Recipe 5 Extracting a Retweet’s Origins

5.1 Problem

You want to extract the originating source from a retweet.

5.2 Solution

If the tweet’s retweet_count field is greater than 0, extract name out of the tweet’s user field; also parse the text of the tweet with a regular expression.

5.3 Discussion

Twitter is pretty darn good about weaponizingutilizing the data on its platform. There aren’t many cases nowadays when you need to parse RT or via in hand-crafted retweets, but it’s good to have the tools in your aresenal when needed. We can pick out all the retweets from #rstats (warning: it’s a retweet-heavy hashtag) and who they refer to using the retweet_count but also looking for a special regular expression (regex) and extracting data that way.

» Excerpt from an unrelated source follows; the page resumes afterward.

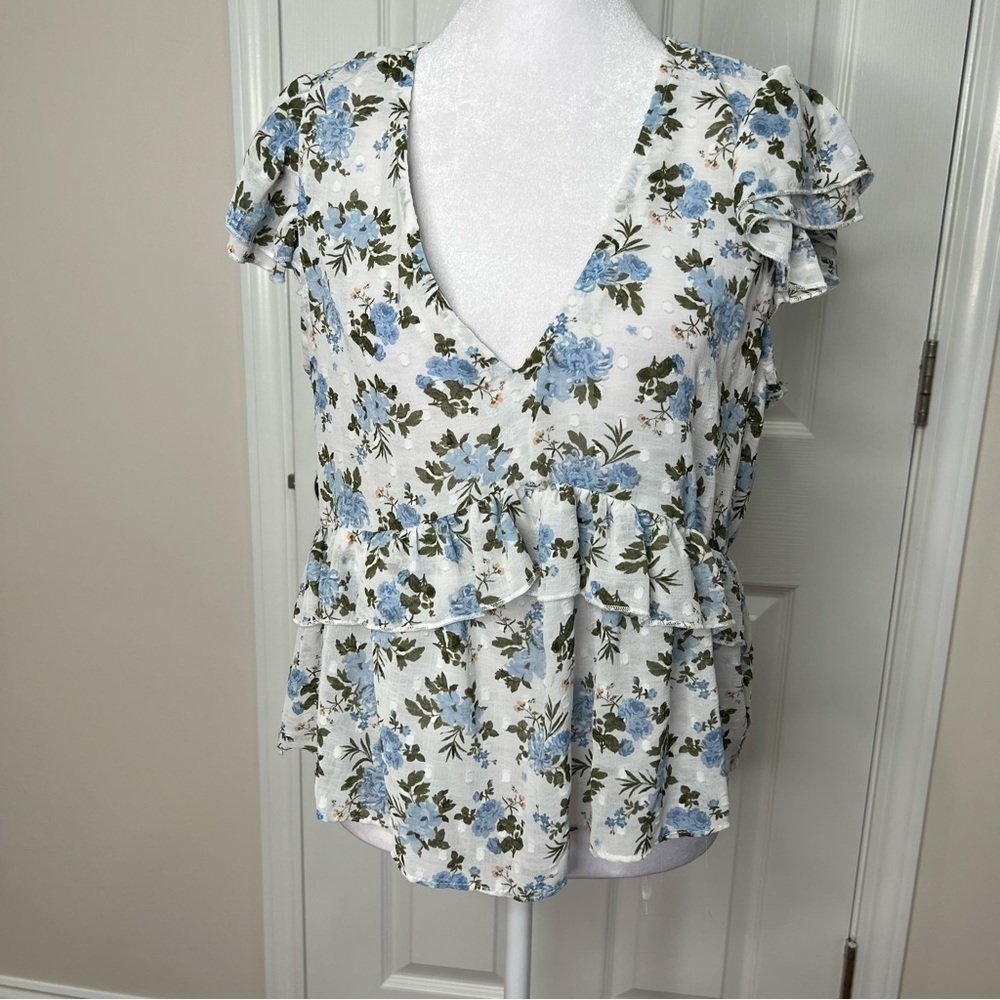 Miss Selfie  ruffled white and blue floral top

First, the modern, API-centric way:

library(rtweet)
library(tidyverse)
rstats <- search_tweets("#rstats", n=500)
glimpse(rstats)
## Observations: 500
## Variables: 42
## $ status_id              <chr> "948262548570177536", "9482624955583692...
## $ created_at             <dttm> 2018-01-02 18:39:44, 2018-01-02 18:39:...
## $ user_id                <chr> "22462234", "22462234", "3367336625", "...
## $ screen_name            <chr> "bffo", "bffo", "HeathrTurnr", "_RCharl...
## $ text                   <chr> "RT @sellorm: Introducing the Field Gui...
## $ source                 <chr> "Twitter for iPhone", "Twitter for iPho...
## $ reply_to_status_id     <chr> NA, NA, NA, NA, NA, NA, NA, NA, NA, NA,...
## $ reply_to_user_id       <chr> NA, NA, NA, NA, NA, NA, NA, NA, NA, NA,...
## $ reply_to_screen_name   <chr> NA, NA, NA, NA, NA, NA, NA, NA, NA, NA,...
## $ is_quote               <lgl> FALSE, FALSE, FALSE, FALSE, FALSE, FALS...
## $ is_retweet             <lgl> TRUE, TRUE, TRUE, TRUE, FALSE, TRUE, TR...
## $ favorite_count         <int> 0, 0, 0, 0, 3, 0, 0, 0, 0, 0, 0, 0, 1, ...
## $ retweet_count          <int> 112, 25, 2, 1, 1, 25, 8, 0, 112, 4, 112...
## $ hashtags               <list> ["rstats", "rstats", "rstats", <"rstat...
## $ symbols                <list> [NA, NA, NA, NA, NA, NA, NA, NA, NA, N...
## $ urls_url               <list> ["blog.sellorm.com/2018/01/01/fie\u202...
## $ urls_t.co              <list> ["https://t.co/Hfrs1fi74u", NA, NA, NA...
## $ urls_expanded_url      <list> ["http://blog.sellorm.com/2018/01/01/f...
## $ media_url              <list> [NA, NA, NA, NA, "http://pbs.twimg.com...
## $ media_t.co             <list> [NA, NA, NA, NA, "https://t.co/HpqJm7L...
## $ media_expanded_url     <list> [NA, NA, NA, NA, "https://twitter.com/...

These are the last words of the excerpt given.